I didn't realize there were so many questionable line calls but who would know watching via the internet. Wimbledon radio did say that during the 1st that there were 2 missed line calls that cost Tursunov the set. Looks like that happened again in the 5th set.
Did anyone actually get to see the match?? Is this accurate information??
Tursunov's out in round of 16 but not down
By Clint Swett -- Bee Staff Writer
Published 2:15 am PDT Tuesday, June 28, 2005
Dmitry Tursunov's Wimbledon run came to a disappointing end in the round of 16 Monday, undone by a couple of questionable line calls and a late surge by his French opponent.
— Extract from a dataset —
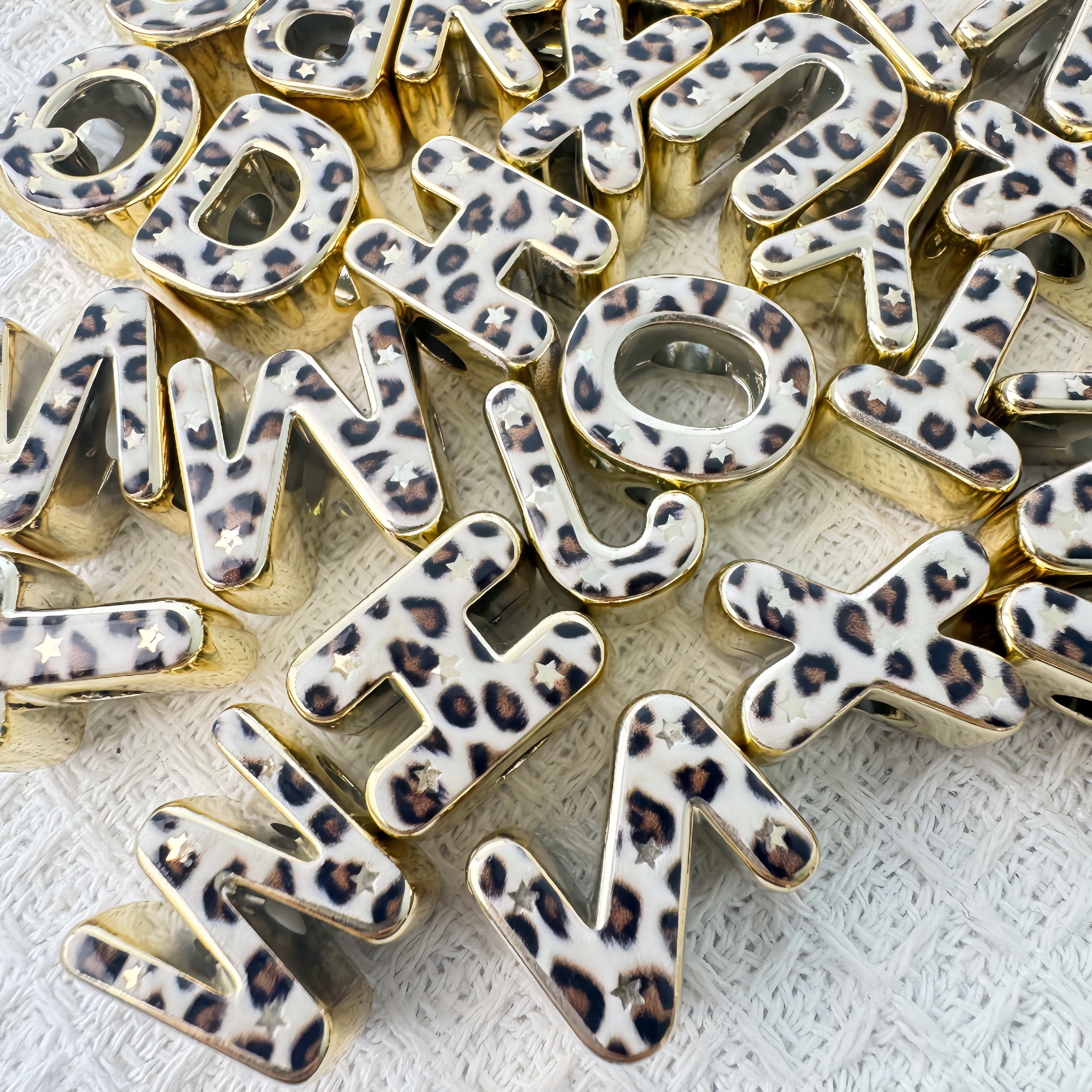 UV Gold Silver Leopard Print Acrylic Letter Beads Large Side Hole DIY Necklace Bracelet Charm Making Supplies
The Russian-born 22-year-old, who now lives in Roseville, fell to ninth-seeded Sebastien Grosjean 6-4, 6-7 (5), 6-3, 3-6, 6-1 on Court 2. While it was the furthest Tursunov had ever advanced in a Grand Slam tournament, he said it was disappointing to lose a match that was within his grasp.
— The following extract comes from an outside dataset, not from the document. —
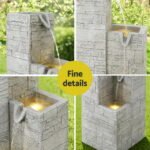 Gardeon Solar Fountain Water Feature Outdoor Indoor 4-Tier Square Cascading Beige - Image 7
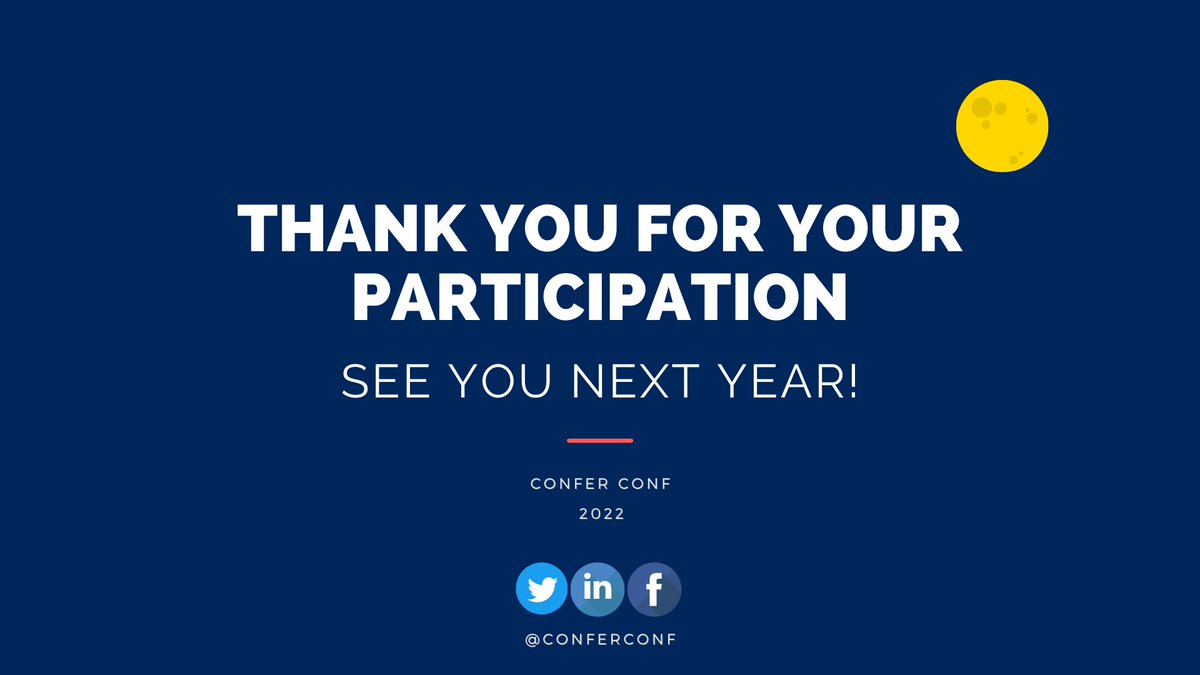 Thank you all for joining us for our third edition of Confer Conf! We are very happy to see you all! Thanks to our participants, speakers, partners, and the team for making it all possible! 🎉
"I felt I could have had that one," said Tursunov, who converted on only five of 15 break-point opportunities but smacked 52 winners, the same as Grosjean. "I had a lot of chances to win the match."
In a telephone interview from London, Tursunov said he lost his focus early in the fifth set when he argued two line calls he said came at crucial times.
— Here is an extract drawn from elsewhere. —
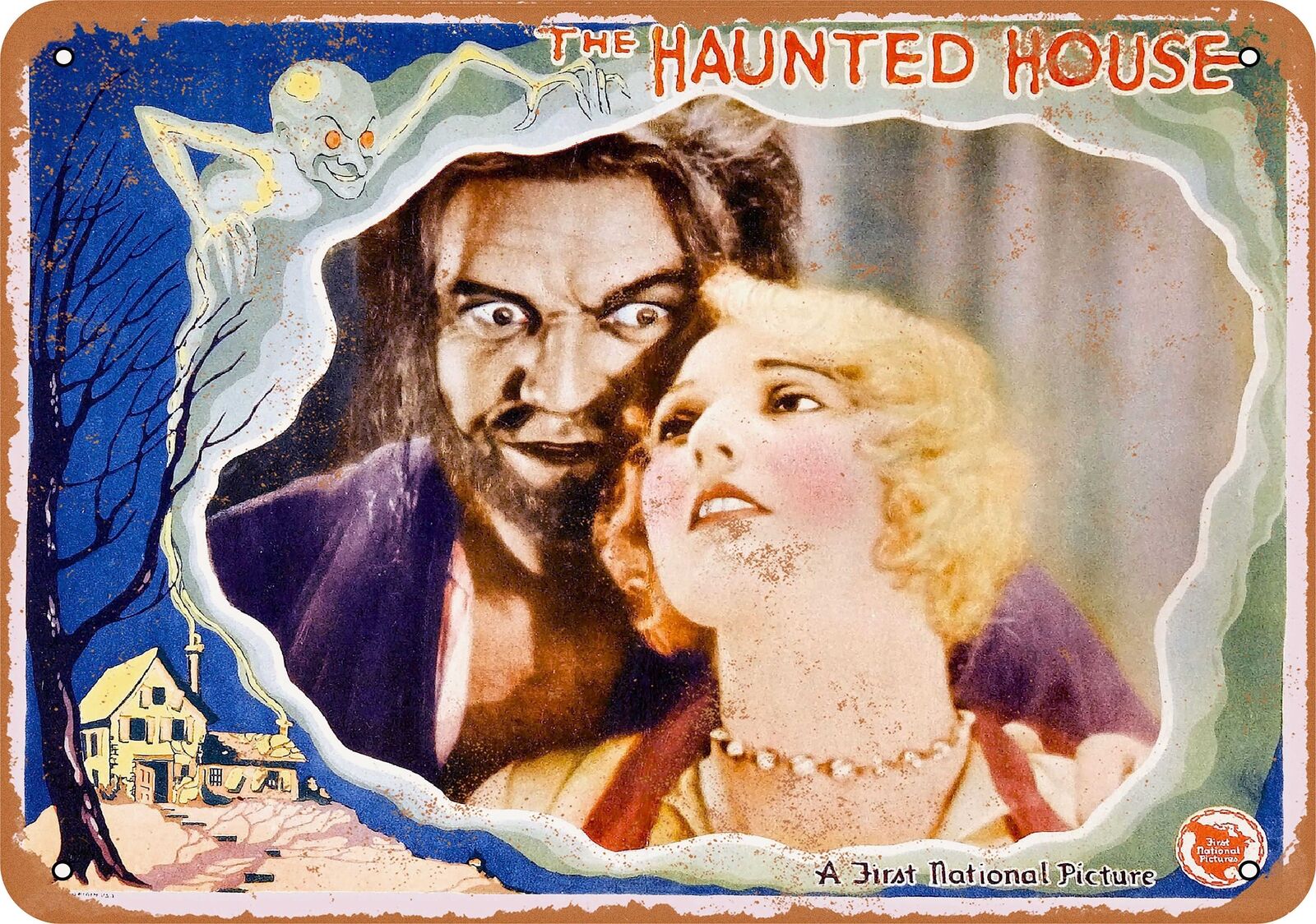 Metal Sign - 1928 The Haunted House Movie -- Vintage Look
"If it's only one call, I don't have any problems, but there were a lot of calls that were wrong throughout the match," he said.
Tursunov also credited the speedy Grosjean, a Wimbledon semifinalist in 2003 and 2004, for elevating his play - and particularly his serve - in the fifth set.
"He can serve 130 mph, and he places it really well," Tursunov said.
Despite his disappointment, Tursunov said he was encouraged by his Wimbledon results, which earned him $67,614.
He started with a straight-set victory over Spaniard Nicolas Almagro, then stunned hometown hero and No. 6 seed Tim Henman in five sets on Centre Court.
Tursunov reached the round of 16 by downing Germany's Alexander Popp, a quarterfinalist in 2000 and 2003.
Despite those results, Tursunov said nerves sometimes kept him from playing his best.
"Against Tim, I played pretty well," he said. "But in my first, third and fourth matches, I had a lot of nerves. ... If I had played a little looser and had been able to go for my shots, I'd have had a good chance of winning (against Grosjean)."
Still, Tursunov said, his Wimbledon run can do nothing but bolster his confidence heading in the summer hardcourt season in the United States.
"The main thing is I know I can play with these guys," he said.